FOOD & FUEL
It’s just a guess but I’d bet Blanche Lincoln, chair of the Senate’s Agriculture, Nutrition and Forestry Committee, would be a tough poker player.
The reason is simple. Despite a Congressional record as clean as a hound’s tooth – Lincoln has never lost an election, never been within a country mile of scandal and rarely loses policy fights handicappers still bet against her and, almost always, lose their bets.
The latest losers were Big Labor and Big ”D” Democrats who spent $10 million in a nasty Arkansas primary fight this spring to make her a lame duck. Lincoln, the daughter of a rice and cotton farmer, gave as good as she got and beat her challenger in a June 8 runoff. She’ll stand for her third term as an Arkansas’ senator this November.
Next up are the Bailout Banksters and the members of Congress they keep in their hip pockets. They hope to dump both Lincoln and her tough derivatives amendment in financial reform bill now being pieced together by a House-Senate conference committee. They have billions of reasons to try.
The in-the-dark derivative market, created and run by giant Wall Street banks, was the grenade that nearly blew up the world’s economy in October 2008.
That unregulated, massive mess required hundreds of billions of dollars of your money to bail out the banks’ casino-like trading.

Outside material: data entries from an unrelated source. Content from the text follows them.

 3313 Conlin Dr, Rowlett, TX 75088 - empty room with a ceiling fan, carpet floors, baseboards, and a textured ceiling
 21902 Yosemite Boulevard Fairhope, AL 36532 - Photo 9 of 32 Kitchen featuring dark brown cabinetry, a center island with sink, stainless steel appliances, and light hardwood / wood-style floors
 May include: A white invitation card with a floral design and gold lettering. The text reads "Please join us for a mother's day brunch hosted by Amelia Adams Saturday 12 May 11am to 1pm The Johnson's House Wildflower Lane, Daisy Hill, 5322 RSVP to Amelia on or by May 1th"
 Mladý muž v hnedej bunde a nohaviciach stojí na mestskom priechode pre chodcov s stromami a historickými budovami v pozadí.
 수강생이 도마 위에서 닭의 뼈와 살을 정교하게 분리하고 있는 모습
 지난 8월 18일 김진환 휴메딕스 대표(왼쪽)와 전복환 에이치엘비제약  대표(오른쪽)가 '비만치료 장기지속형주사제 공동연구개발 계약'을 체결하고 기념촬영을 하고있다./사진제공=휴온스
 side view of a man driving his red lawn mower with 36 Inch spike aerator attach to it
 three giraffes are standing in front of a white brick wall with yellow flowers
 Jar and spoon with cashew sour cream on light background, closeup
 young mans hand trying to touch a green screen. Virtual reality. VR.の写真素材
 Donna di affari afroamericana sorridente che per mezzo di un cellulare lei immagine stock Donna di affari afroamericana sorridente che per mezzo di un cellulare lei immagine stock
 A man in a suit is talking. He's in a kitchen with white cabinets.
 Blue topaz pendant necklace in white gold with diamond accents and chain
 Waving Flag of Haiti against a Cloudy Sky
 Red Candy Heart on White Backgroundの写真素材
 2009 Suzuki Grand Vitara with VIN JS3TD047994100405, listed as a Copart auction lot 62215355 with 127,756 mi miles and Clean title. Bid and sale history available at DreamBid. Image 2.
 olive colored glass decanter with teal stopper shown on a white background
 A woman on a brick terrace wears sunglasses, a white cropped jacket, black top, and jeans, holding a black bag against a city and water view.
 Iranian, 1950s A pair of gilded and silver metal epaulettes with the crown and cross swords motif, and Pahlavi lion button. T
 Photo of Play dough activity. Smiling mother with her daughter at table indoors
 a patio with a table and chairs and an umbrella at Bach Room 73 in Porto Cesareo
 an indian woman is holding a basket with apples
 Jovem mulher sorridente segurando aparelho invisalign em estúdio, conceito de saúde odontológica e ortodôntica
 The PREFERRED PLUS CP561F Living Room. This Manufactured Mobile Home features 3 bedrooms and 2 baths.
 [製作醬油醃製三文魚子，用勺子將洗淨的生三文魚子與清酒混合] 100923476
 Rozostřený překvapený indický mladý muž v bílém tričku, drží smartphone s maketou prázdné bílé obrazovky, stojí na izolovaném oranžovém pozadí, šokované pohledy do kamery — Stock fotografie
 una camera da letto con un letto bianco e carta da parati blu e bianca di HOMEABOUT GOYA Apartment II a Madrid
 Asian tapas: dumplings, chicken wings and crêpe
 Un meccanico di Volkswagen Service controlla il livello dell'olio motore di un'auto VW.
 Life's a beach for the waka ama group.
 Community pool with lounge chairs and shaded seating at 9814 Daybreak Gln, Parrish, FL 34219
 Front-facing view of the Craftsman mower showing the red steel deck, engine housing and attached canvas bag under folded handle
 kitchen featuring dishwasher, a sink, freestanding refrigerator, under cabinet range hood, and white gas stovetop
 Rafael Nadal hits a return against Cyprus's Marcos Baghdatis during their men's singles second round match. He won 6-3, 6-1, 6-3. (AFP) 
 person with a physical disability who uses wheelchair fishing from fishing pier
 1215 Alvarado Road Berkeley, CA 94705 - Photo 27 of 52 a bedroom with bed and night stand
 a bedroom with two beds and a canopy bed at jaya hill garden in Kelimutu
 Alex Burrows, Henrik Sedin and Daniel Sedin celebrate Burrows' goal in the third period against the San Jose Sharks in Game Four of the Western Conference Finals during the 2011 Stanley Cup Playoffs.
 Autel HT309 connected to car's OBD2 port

Today, despite 18 months of chest-beating over how they’d soon kick some serious banker backside, Congress has done nothing. Almost 97 percent of all swaps – paper bets similar to commodity futures – continue to be traded by five banks, including Morgan Stanley, Bank of America, Goldman Sachs, Citigroup and JP Morgan Chase.
Lincoln’s amendment doesn’t end the lucrative trading. It does, however, force it onto a ”transparent” market so everyone knows who’s trading what and at what price.
Also, it would give regulators an unrestricted view of it for the first time and force derivative-trading banks to do so through an arm’s-length subsidiary so the Federal Deposit Insurance Corp. (and you and I) aren’t left holding the banks’ empty bags again.
Wall Street, as greedy as it is forgetful, thinks Lincoln’s ideas unnecessary and harmful to its credit-creation efforts. It has sent armies of lobbyists into every closet of the Capitol to find her and her allies to squash ’em and her ”716” provisions, the page in the draft legislation where all are found.
People and power have no limits in this fight. ”Since 2009,” noted OpenSecrets.org, a Washington, D.C., non-partisan watchdog of money and influence in politics, June 3, ”- the (financial services sector) has employed at least 73 former members of Congress” to gut the reform legislation.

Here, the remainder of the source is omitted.